Taro Logo

Word Ladder II

Medium
4 views
2 months ago

A transformation sequence from word beginWord to word endWord using a dictionary wordList is a sequence of words beginWord -> s1 -> s2 -> ... -> sk such that:

  1. Every adjacent pair of words differs by a single letter.
  2. Every si for 1 <= i <= k is in wordList. Note that beginWord does not need to be in wordList.
  3. sk == endWord

Given two words, beginWord and endWord, and a dictionary wordList, return all the shortest transformation sequences from beginWord to endWord, or an empty list if no such sequence exists. Each sequence should be returned as a list of the words [beginWord, s1, s2, ..., sk].

For example:

Input: beginWord = "hit", endWord = "cog", wordList = ["hot","dot","dog","lot","log","cog"] Output: [["hit","hot","dot","dog","cog"],["hit","hot","lot","log","cog"]]

There are 2 shortest transformation sequences: "hit" -> "hot" -> "dot" -> "dog" -> "cog" "hit" -> "hot" -> "lot" -> "log" -> "cog"

Input: beginWord = "hit", endWord = "cog", wordList = ["hot","dot","dog","lot","log"] Output: []

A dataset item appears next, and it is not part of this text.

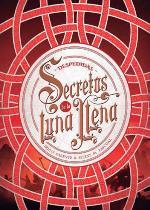 SECRETOS DE LA LUNA LLENA 3. DESPEDIDAS | 9788424663568 | PARENTE, IRIA G./PASCUAL, SELENE M. | Galatea Llibres | Llibreria online de Reus, Tarragona | Comprar llibres en català i castellà online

Can you provide a Python function that implements this and explain the time and space complexity?

Sample Answer
from collections import defaultdict

def findLadders(beginWord: str, endWord: str, wordList: list[str]) -> list[list[str]]:
    # Convert wordList to a set for faster lookup
    wordList = set(wordList)
    if endWord not in wordList:
        return []

    # Build the adjacency list (graph) for words that differ by one letter
    adj = defaultdict(list)
    all_words = wordList | {beginWord}
    for word1 in all_words:
        for word2 in all_words:
            if word1 != word2 and differ_by_one_letter(word1, word2):
                adj[word1].append(word2)

    # BFS to find the shortest paths
    queue = [(beginWord, [beginWord])]
    visited = {beginWord}
    shortest_length = float('inf')
    result = []

    while queue:
        curr_word, path = queue.pop(0)

        if len(path) > shortest_length:
            break

        if curr_word == endWord:
            shortest_length = len(path)
            result.append(path)
            continue

        for neighbor in adj[curr_word]:
            if neighbor not in visited:
                visited.add(neighbor)
                queue.append((neighbor, path + [neighbor]))

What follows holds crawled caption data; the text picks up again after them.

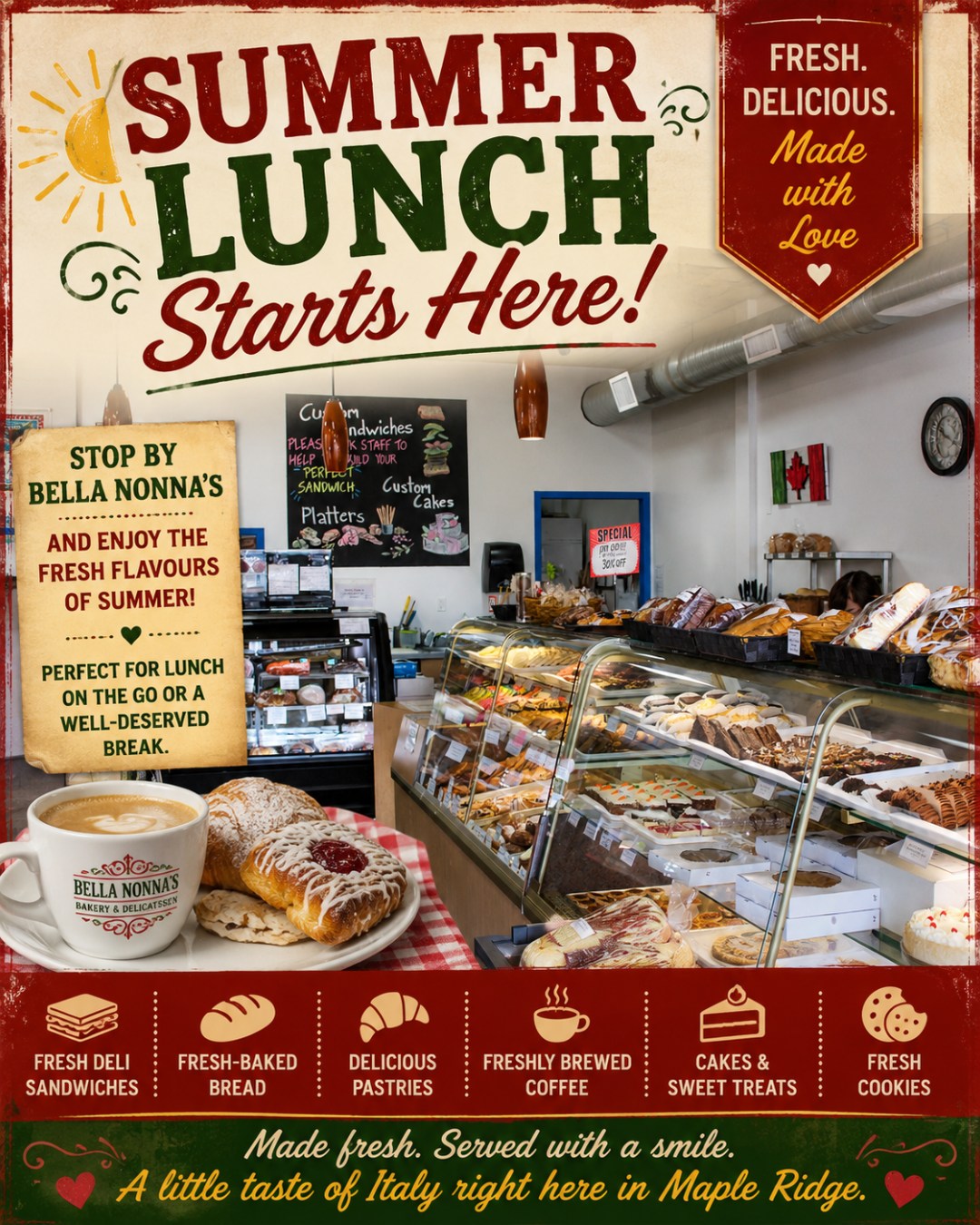🥪 SUMMER LUNCH STARTS HERE! ☀️
Looking for a delicious lunch this week?
Stop by Bella Nonna's and enjoy the fresh flavours of summer with handcrafted deli favourites, freshly baked bread, and treats made with care every day.
Whether you're grabbing lunch on the go or taking a well-deserved break, we've got something for everyone:
🥪 Fresh Deli Sandwiches
🥖 Fresh-Baked Bread
🥐 Delicious Pastries
☕ Freshly Brewed Coffee
🍰 Cakes & Sweet Treats
🍪 Fresh Cookies
Made fresh. Served with a smile. Just the way a neighbourhood Italian bakery should be.
Come in, relax, and enjoy a little taste of Italy right here in Maple Ridge.
We look forward to seeing you!
Bon Appetito! 😋
Warm regards,
The Bella Nonna’s Team💪
#BellaNonnas #MapleRidge #MapleRidgeBC #SupportLocal #ShopLocalBC #SummerLunch #LunchTime #ItalianBakery #ItalianDeli #FreshBaked #FreshBread #DeliSandwiches #CoffeeTime #Pastries #SweetTreats #BakeryLife #TasteOfItaly #LocalBakery #FreshEveryDay #CommunityFirst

    # Filter result to only include shortest paths
    shortest_paths = []
    for path in result:
        if len(path) == shortest_length:
            shortest_paths.append(path)

    return shortest_paths


def differ_by_one_letter(word1: str, word2: str) -> bool:
    if len(word1) != len(word2):
        return False
    diff_count = 0
    for i in range(len(word1)):
        if word1[i] != word2[i]:
            diff_count += 1
    return diff_count == 1

# Example usage
beginWord = "hit"
endWord = "cog"
wordList = ["hot","dot","dog","lot","log","cog"]
print(findLadders(beginWord, endWord, wordList))

beginWord = "hit"
endWord = "cog"
wordList = ["hot","dot","dog","lot","log"]
print(findLadders(beginWord, endWord, wordList))

Naive Approach

The most straightforward approach would be to perform a Breadth-First Search (BFS) on the graph of words. Each word represents a node, and an edge exists between two words if they differ by only one letter. The BFS would start at the beginWord and explore layer by layer until it finds the endWord. This approach finds all possible paths but may not be efficient in finding the shortest paths without further optimization.

Optimal Approach

The optimized approach still uses BFS but incorporates several key improvements:

  1. Precompute Adjacency List: Build an adjacency list (graph) representing connections between words that differ by one letter. This avoids redundant computations during the BFS.
  2. Early Termination: During BFS, maintain the shortest length found so far. If the current path's length exceeds the shortest length, terminate the exploration of that path.
  3. Track Visited Words: Keep track of visited words to avoid cycles and redundant paths, but ensure that words can be revisited if they lead to a shorter path.
  4. Filter Shortest Paths: After the BFS, filter the results to only include paths that have the shortest length.

Big(O) Run-time Analysis

  • Building Adjacency List: For each pair of words, we compare them, which takes O(L) time, where L is the length of the word. If there are N words in the wordList, this step takes O(N^2 * L) time.
  • BFS: In the worst case, the BFS might visit all possible paths. The time complexity of BFS is O(V + E), where V is the number of vertices (words) and E is the number of edges (connections between words). In the worst case, E can be O(N^2), so BFS is O(N + N^2) which simplifies to O(N^2). Each path construction takes O(L) since we're copying each word. The total time is therefore bounded by O(N^2 * L) in the worst case, if we consider that we extract all shortest paths.
  • Total: The overall time complexity is dominated by building the adjacency list and the BFS, which is O(N^2 * L).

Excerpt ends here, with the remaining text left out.